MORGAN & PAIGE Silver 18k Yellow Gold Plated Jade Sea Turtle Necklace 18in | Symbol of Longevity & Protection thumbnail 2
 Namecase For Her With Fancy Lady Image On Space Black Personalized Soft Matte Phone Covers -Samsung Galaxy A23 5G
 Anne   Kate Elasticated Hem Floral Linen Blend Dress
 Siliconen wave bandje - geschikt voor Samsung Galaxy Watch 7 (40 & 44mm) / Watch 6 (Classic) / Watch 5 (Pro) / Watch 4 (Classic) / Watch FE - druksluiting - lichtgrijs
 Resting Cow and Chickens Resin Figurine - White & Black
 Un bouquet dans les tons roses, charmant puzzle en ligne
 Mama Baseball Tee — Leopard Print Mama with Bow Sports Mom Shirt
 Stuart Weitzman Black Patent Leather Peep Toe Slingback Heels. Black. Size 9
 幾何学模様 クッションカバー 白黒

* * * * * * *

Nothing but the lines from the one containing "Mama Baseball Tee" through the last line of the data above should be set down, word for word.

▶ Your response:
 Mama Baseball Tee — Leopard Print Mama with Bow Sports Mom Shirt
 Stuart Weitzman Black Patent Leather Peep Toe Slingback Heels. Black. Size 9
 幾何学模様 クッションカバー 白黒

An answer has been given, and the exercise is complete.